3D Scene Understanding with a RGB-D Camera

Speaker

Princeton University

Host

Alberto Rodriguez
Abstract: Three-dimensional scene understanding is important for computer systems that respond to and/or interact with the physical world, such as robotic manipulation and autonomous navigatio. For example, they may need to estimate the 3D geometry of the surrounding space (e.g., in order to navigate without collisions) and/or to recognize the semantic categories of nearby objects (e.g., in order to interact with them appropriately). In this talk, I will describe recent work on 3D scene understanding by the 3D Vision Group at Princeton University. I will focus on three projects that infer 3D structural and semantic models of scenes from partial observations with a RGB-D camera. The first learns to infer depth (D) from color (RGB) in regions where the depth sensor provides no return (e.g., because surfaces are shiny or far away). The second learns to predict the 3D structure and semantics within volumes of space occluded from view (e.g., behind a table). The third learns to infer the 3D structure and semantics of the entire surrounding environment (i.e., inferring an annotated 360 degree panorama from a single image). For each project, I will discuss the problem formulation, scene representation, network architecture, dataset curation, and potential applications.

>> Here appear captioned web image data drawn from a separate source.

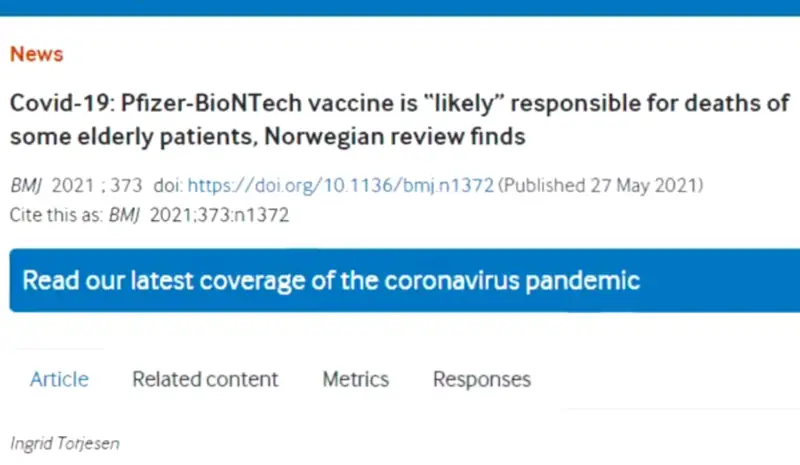 A BMJ article titled, COVID-19 Pfizer-BioNTech vaccine is likely responsible for deaths of some elderly patients, Norwegian review finds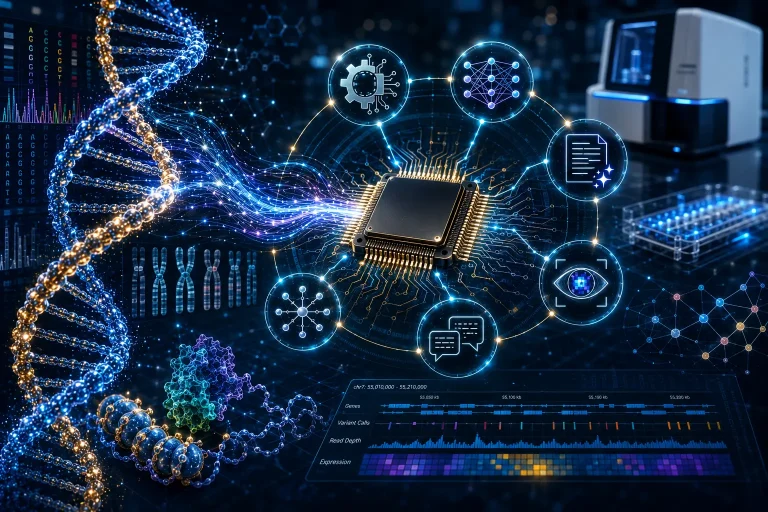 AI in genomic medicine illustration showing a DNA double helix transforming into an AI processor connected to machine learning, deep learning, natural language processing, computer vision, large language models, foundation models, genome sequencing, protein structures, and genomic data analysis.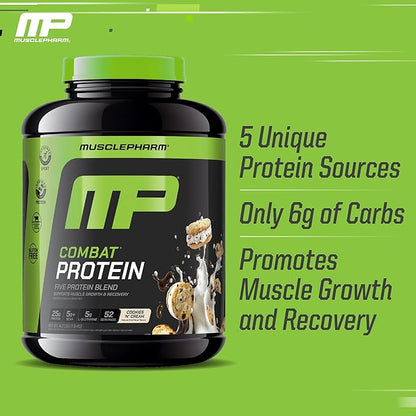 MusclePharm Combat Protein Powder, Cookies ?˜N??Cream Flavor, Fuels Muscles for Productive Workouts, 5 Protein Sources including Whey Protein Isolate & Egg Albumin, Gluten Free, 4 lb, 52 Servings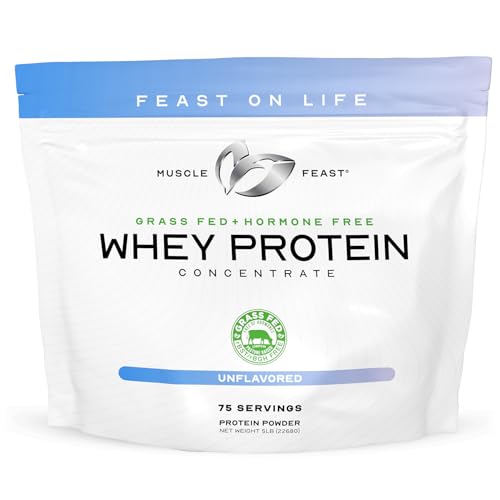 Muscle Feast Grass-Fed Whey Protein Concentrate Powder, All Natural Hormone Free Pasture Raised, Unflavored, 5lb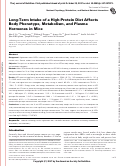 Cover page: Long-Term Intake of a High-Protein Diet Affects Body Phenotype, Metabolism, and Plasma Hormones in Mice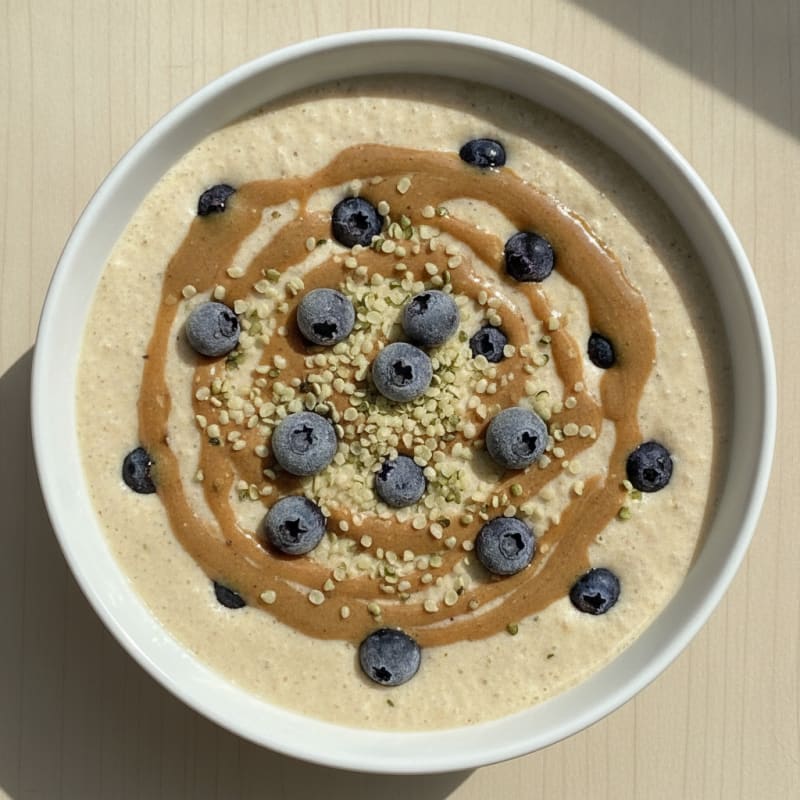 Silky Tofu Protein Smoothie Bowl with Hemp Seeds and Almond Butter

This is joint work with Angel X. Chang, Angela Dai, Kyle Genova, Maciej Halber, Matthias Niessner, Shuran Song, Fisher Yu, Andy Zeng, and Yinda Zhang.

Bio: Thomas Funkhouser is the David M. Siegel Professor of Computer Science at Princeton University. He received a PhD in computer science from UC Berkeley in 1993 and was a member of the technical staff at Bell Labs until 1997 before joining the faculty at Princeton. For most of his career, he focused on research problems in computer graphics, including foundational work on 3D shape retrieval, analysis, and modeling. His most recent research has focused on 3D scene understanding in computer vision and robotics. He has published more than 100 research papers and received several awards, including a ACM SIGGRAPH Computer Graphics Achievement Award, ACM SIGGRAPH Academy membership, NSF Career Award, Sloan Foundation Fellowship, Emerson Electric, E. Lawrence Keyes Faculty Advancement Award, and University Council Excellence in Teaching Awards.